• _WHAT THE TASK ASKS_
Repeat every line of the data exactly, but not the pictures.

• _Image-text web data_
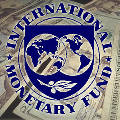 МВФ констатировал улучшение экономических перспектив России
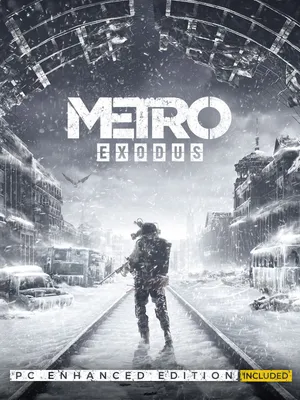 Картинки metro exodus фотографии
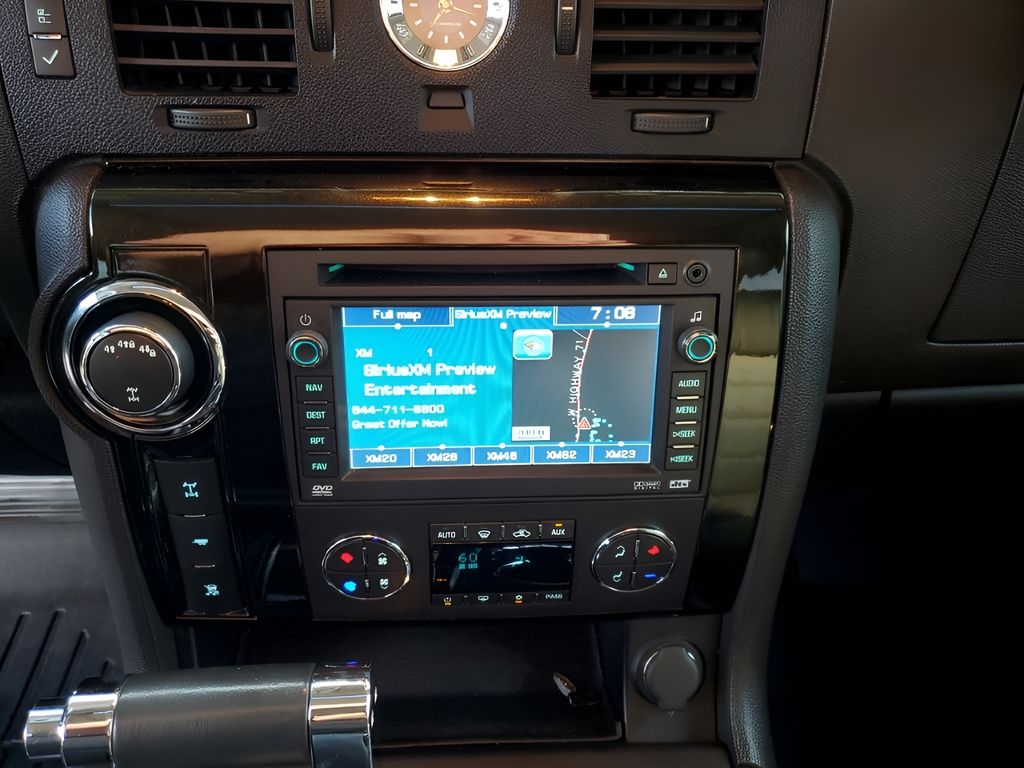 Used Car 2008 Hummer H2  Base For Sale Under $40,000 In Austin, Texas
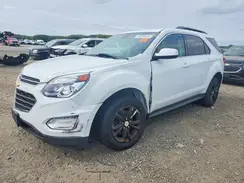 2GNFLFEK7H6305701 2017 CHEVROLET EQUINOX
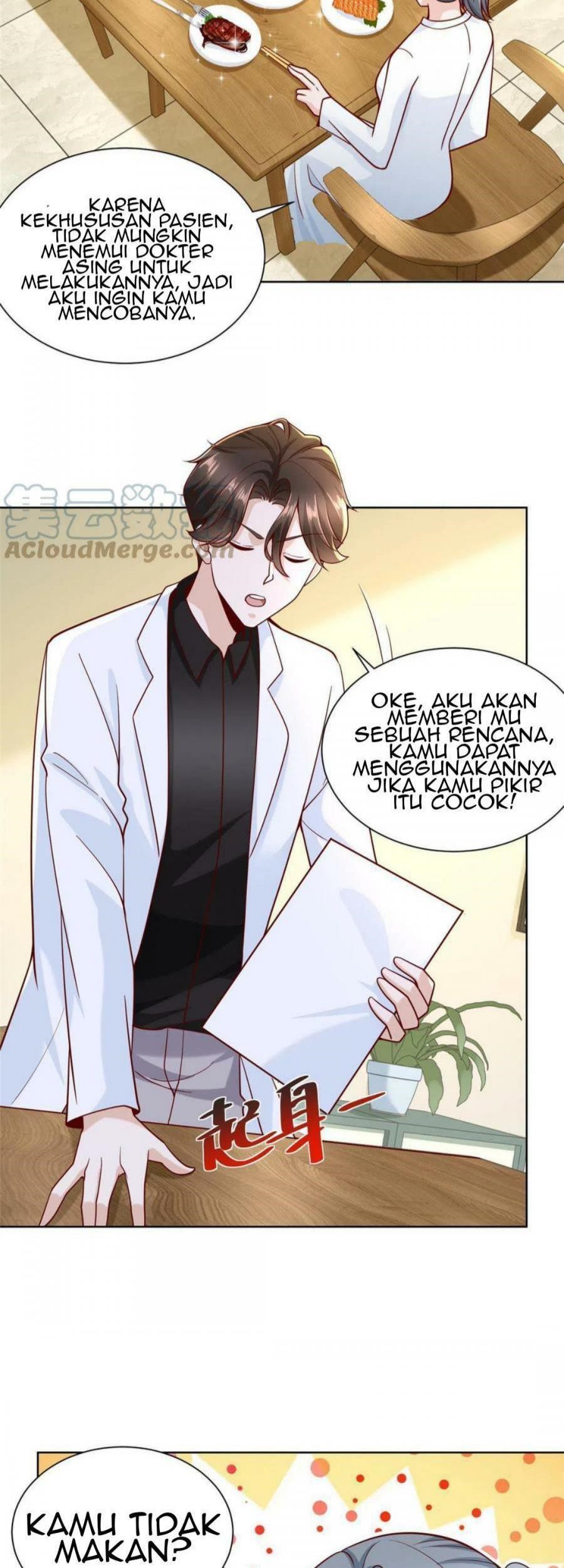 I Randomly Have A New Career Every Week Chapter 148 Gambar 21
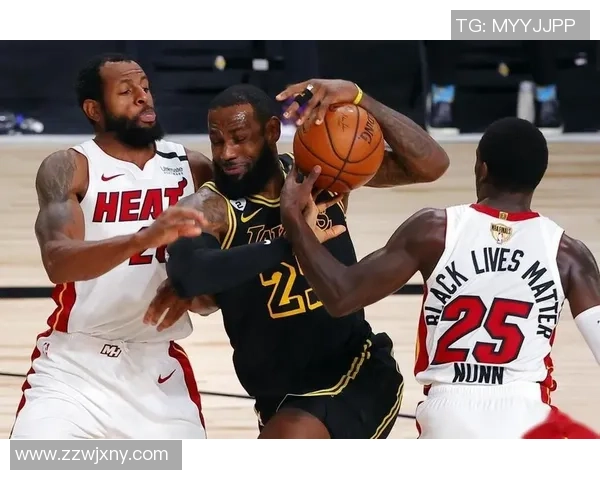 热火与湖人总决赛第五场精彩回放分析与战术解读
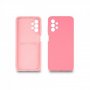 JUST IN CASE 2u1 Extra case MIX PLUS paket PINK za A13 - slika 1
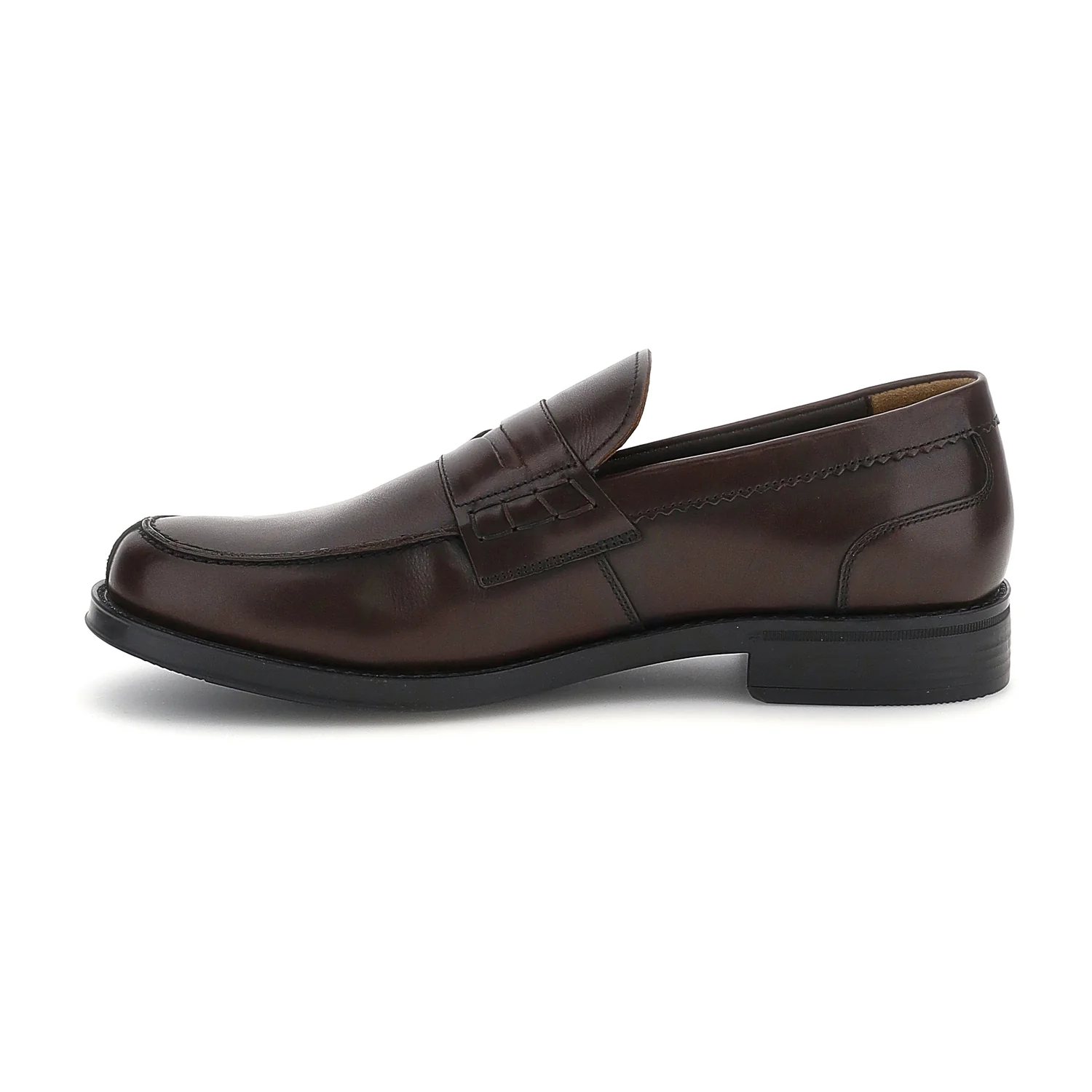 MOCASSINI BLISS 1 MARRONE SCURO - Image 3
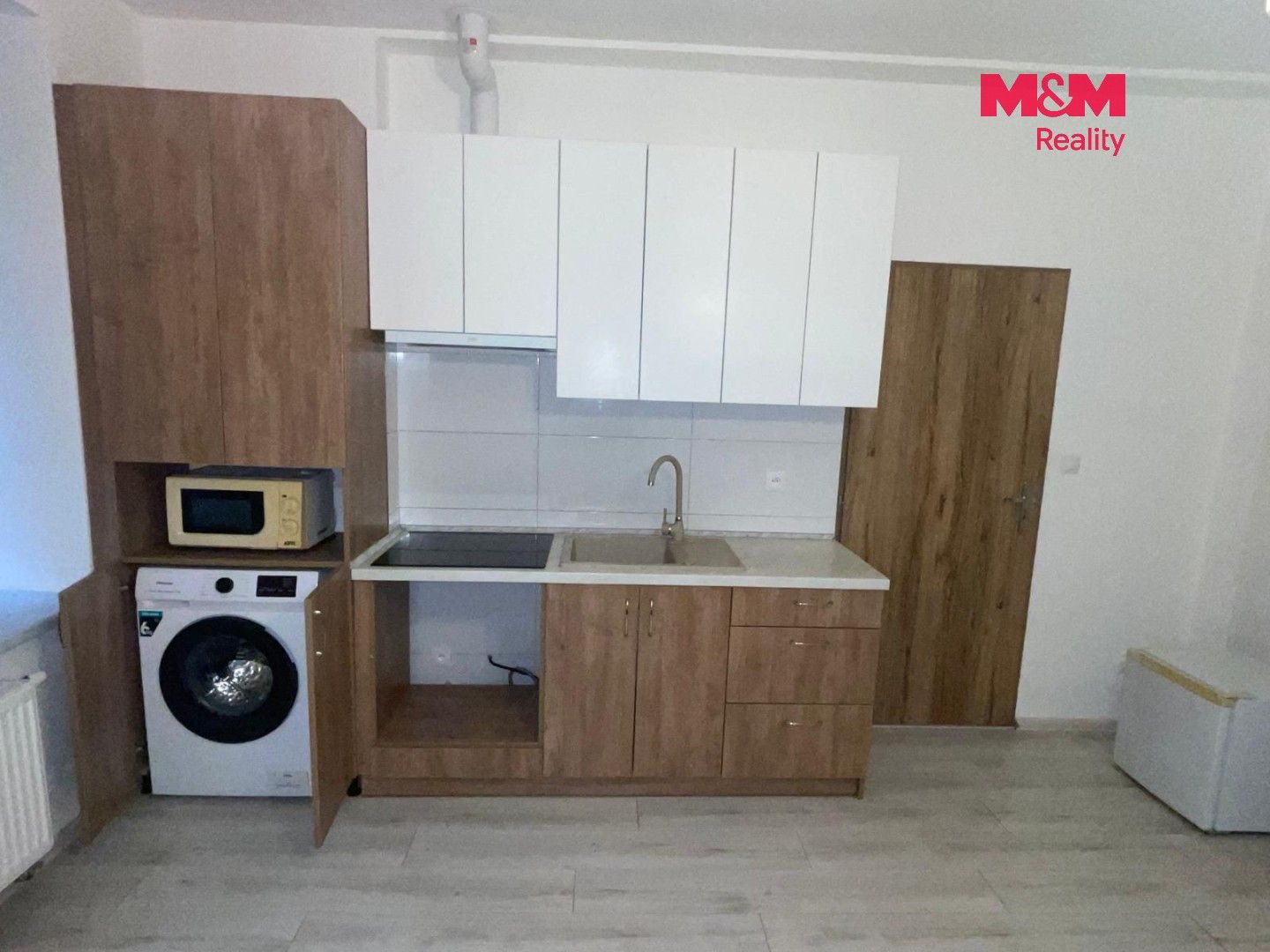 2+kk, Dubí, 50 m² - 2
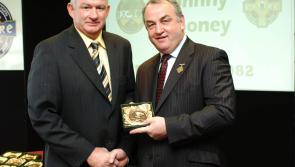 Grand Canal fundraiser shows the potential in Offaly GAA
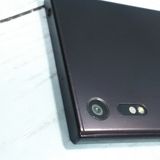 SONY Xperia XZ SOV34 au  �ߥͥ��֥�å� Black  053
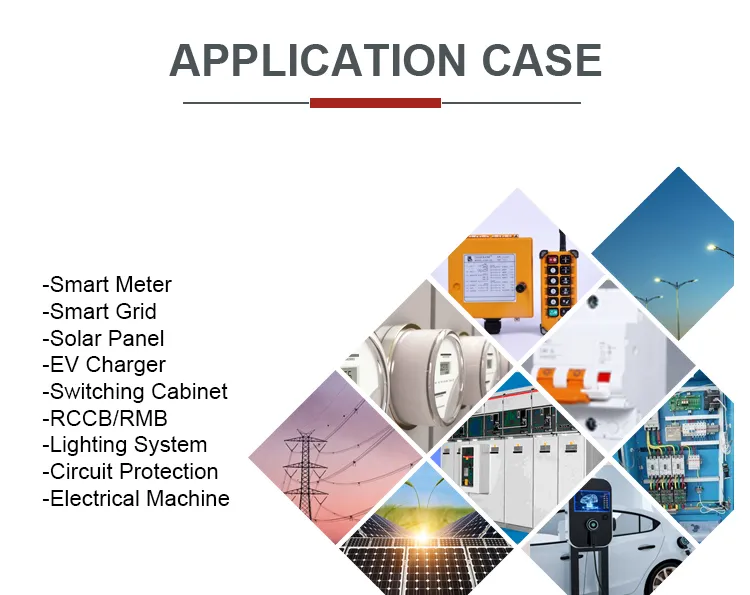 UC2 UC3 Approved 12V DC Relay for Communication Solutions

• _RESPONSE TO THIS EXERCISE_
 МВФ констатировал улучшение экономических перспектив России
 Картинки metro exodus фотографии
 Used Car 2008 Hummer H2  Base For Sale Under $40,000 In Austin, Texas
 2GNFLFEK7H6305701 2017 CHEVROLET EQUINOX
 I Randomly Have A New Career Every Week Chapter 148 Gambar 21
 热火与湖人总决赛第五场精彩回放分析与战术解读
 JUST IN CASE 2u1 Extra case MIX PLUS paket PINK za A13 - slika 1
 MOCASSINI BLISS 1 MARRONE SCURO - Image 3
 2+kk, Dubí, 50 m² - 2
 Grand Canal fundraiser shows the potential in Offaly GAA
 SONY Xperia XZ SOV34 au  �ߥͥ��֥�å� Black  053
 UC2 UC3 Approved 12V DC Relay for Communication Solutions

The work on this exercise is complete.